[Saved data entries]
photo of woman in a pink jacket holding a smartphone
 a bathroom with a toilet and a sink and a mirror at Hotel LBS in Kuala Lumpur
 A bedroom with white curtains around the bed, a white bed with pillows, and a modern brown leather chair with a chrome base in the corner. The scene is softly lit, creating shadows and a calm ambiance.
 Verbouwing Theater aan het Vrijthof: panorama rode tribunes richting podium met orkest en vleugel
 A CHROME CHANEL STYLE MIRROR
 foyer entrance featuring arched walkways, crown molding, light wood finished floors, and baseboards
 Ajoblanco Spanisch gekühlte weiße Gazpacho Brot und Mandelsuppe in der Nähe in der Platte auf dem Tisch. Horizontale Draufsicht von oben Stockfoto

#### GOAL OF THE EXERCISE
Copy every line of the entries above in which "with" occurs.

#### REPLY TO THE TASK
 a bathroom with a toilet and a sink and a mirror at Hotel LBS in Kuala Lumpur
 A bedroom with white curtains around the bed, a white bed with pillows, and a modern brown leather chair with a chrome base in the corner. The scene is softly lit, creating shadows and a calm ambiance.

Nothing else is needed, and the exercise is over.